In der City werden die Stühle für die Gäste vorbereitet. Foto: Lichtgut//Leif Piechowski

Am Montag ist es nach mehr als acht Wochen soweit – die Gastronomien haben wieder geöffnet. In Restaurants, Biergärten und Cafés atmen die Gastronomen, denn die Gäste lassen nicht auf sich warten.

Stuttgart - Ein Päuschen im Café: was vor Corona selbstverständlich war, fühlte sich am Tag eins nach der Zwangspause komisch an. Bei strahlendem Sonnenschein genossen die ersten Passanten ihre wieder gewonnene Freiheit. Zum Aufakt gab es gleich doppelte ministerielle Unterstützung für die Gastronomen.

Heimisches als Appetithappen

Am Montagfrüh öffentlich einen Schoppen trinken? Auf so einen Pressetermin könne in normalen Zeiten wohl nur ein Beamter aus dem Finanzministerium kommen, sagte Landwirtschaftsminister Peter Hauk (CDU) am Montagmorgen bei einer Verkostung von drei badischen und drei württembergischen Weinen im Restaurant Paladion in Böblingen. Aber die Zeiten sind nicht normal und Minister Hauk als Teilhaber der landesweiten Kampagne „Schmeck den Süden“ sagte, „so einen Tag lasse ich mir für einen Restaurantbesuch nicht nehmen.“ Mehr als acht Wochen dauerte der Shutdown der Gastronomie, mit unermesslichem Schaden.

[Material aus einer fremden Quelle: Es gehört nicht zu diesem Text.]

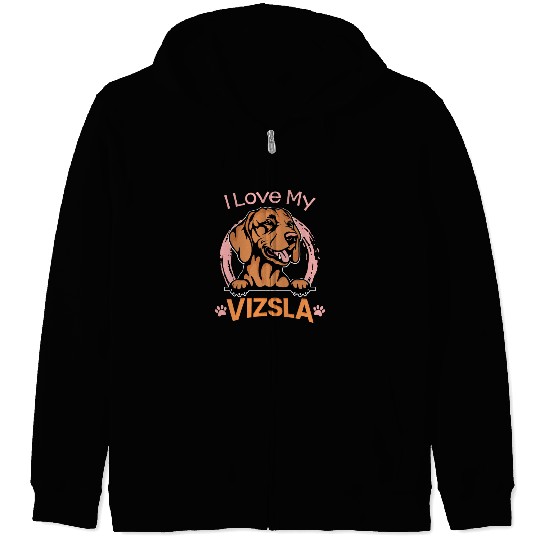 I Love My Vizsla Zip Hoodies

„Das war für uns eine gefühlte Ewigkeit. Ich bin heute so aufgeregt wie bei der Eröffnung meines ersten Lokals vor 40 Jahren“, so Wirt Thomas Heiling, Gruppenvorsitzender für Gastronomie bei der Dehoga. Heiling servierte Snacks mit Produkten aus Baden-Württemberg. Solche heimischen Produkte zu konsumieren, meinte Minister Hauk, könnte wegen der Krise zunehmen: „Unsere Hofläden spüren das schon. Die Leute besinnen sich wieder auf das Näherliegende.“ Der Minister lobte die Absicht von Grün-Schwarz einen weiteren Rettungsschirm mit mehr als 300 Millionen Euro für die Gastronomie im Land aufzuspannen und sah einen weiteren Hoffnungsschimmer: „Es wird bald Lockerungen für Familienfeiern bis zu 100 Personen geben – und die sind gut planbar.“ Widerspruch erntete Hauk mit der Bemerkung, dass Betriebe eine „Durststrecke von zwei bis drei Monaten“ eigentlich überstehen müssten.

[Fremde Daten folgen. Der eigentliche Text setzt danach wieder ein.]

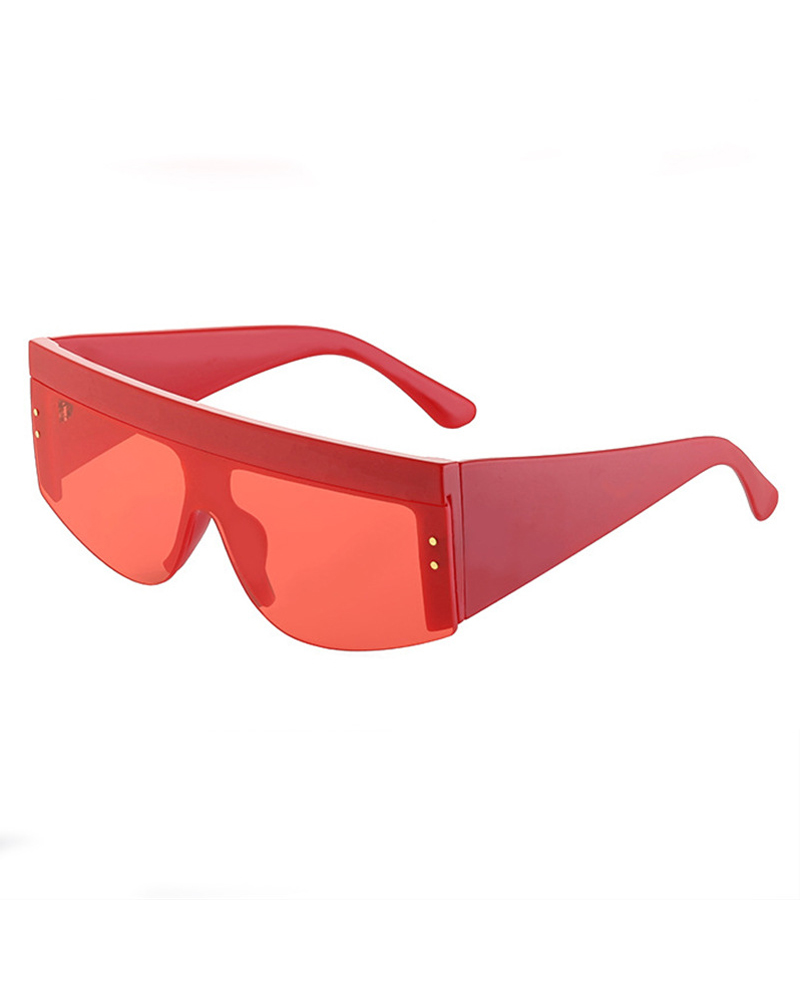

1Pair Flat Top Tinted Fashion Sunglasses, Red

„Das ist heute leider nicht mehr so. Die Betriebe haben nicht mehr so viel auf der hohen Kante“, entgegnete ihm Hermann Hohl, der Präsident des württembergischen Weinbauverbandes. Hohl sieht Gastronomen und Winzer im Südwesten in einem Boot, auch der Absatz der heimischen Weine habe durch die Schließung der Gaststätten gelitten.

Terrassen wieder geöffnet

Die Sonne hatte sich nicht lumpen lassen und zum Neustart der Gastronomie ihr Bestes gegeben. Mittags waren die Außenbereiche der Cafés und Restaurants in der Innenstadt bereits recht gut gefüllt. Innen jedoch herrschte meist Tristesse. Offensichtlich waren die Gäste vorsichtig – vielleicht auch, weil die Empfehlung, Plätze vorab zu reservieren, für Verwirrung sorgte. „Bei uns kann man spontan einen Kaffee trinken“, hieß es etwa in der Alten Kanzlei. Hier waren wieder beide Terrassen geöffnet. Allerdings mussten wie überall sonst auch die Gäste am Empfang warten und die Plätze wurden zugewiesen, denn so sieht es der Gesetzgeber vor.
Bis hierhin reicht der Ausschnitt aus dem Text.